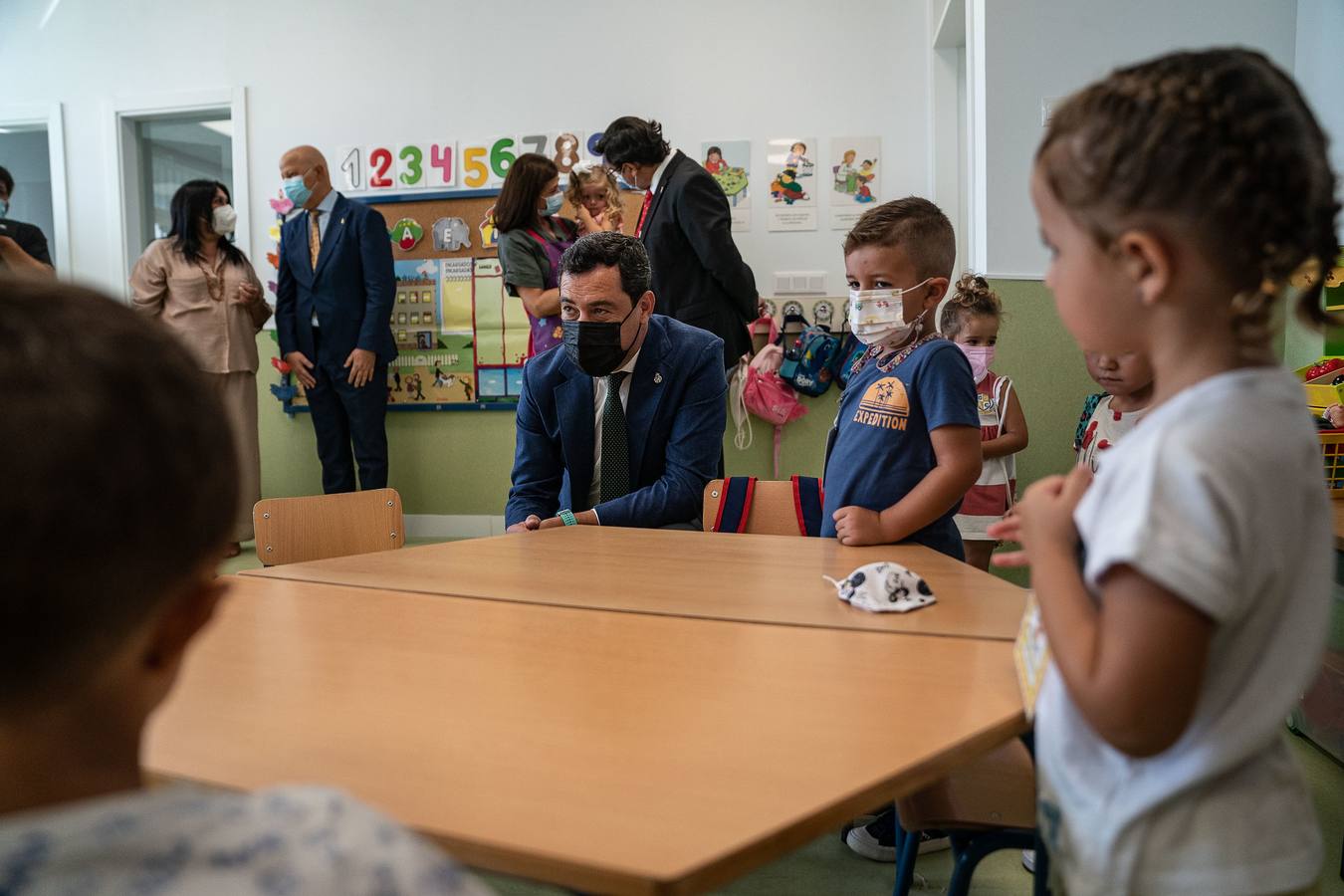 Fotogalería: Juanma Moreno en el inicio del curso escolar en Utrera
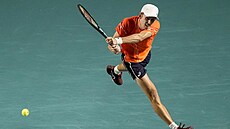 Australský tenista Alex de Minaur hraje bekhend ve finále turnaje v Acapulcu.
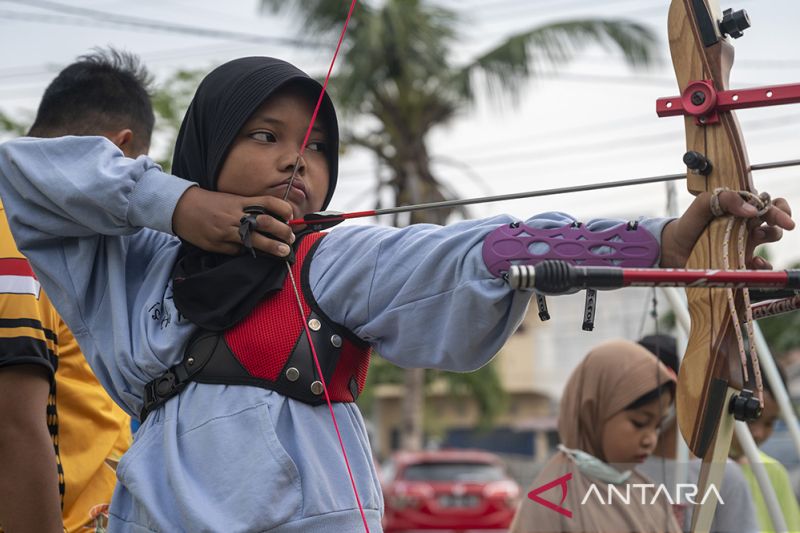 Pembinaan Dini Olaharga Panahan di Palu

====

- **What to produce**:
Leaving the pictures aside, transcribe the entire listing exactly.

- **Exercise solution**:
 Fotogalería: Juanma Moreno en el inicio del curso escolar en Utrera
 Australský tenista Alex de Minaur hraje bekhend ve finále turnaje v Acapulcu.
 Pembinaan Dini Olaharga Panahan di Palu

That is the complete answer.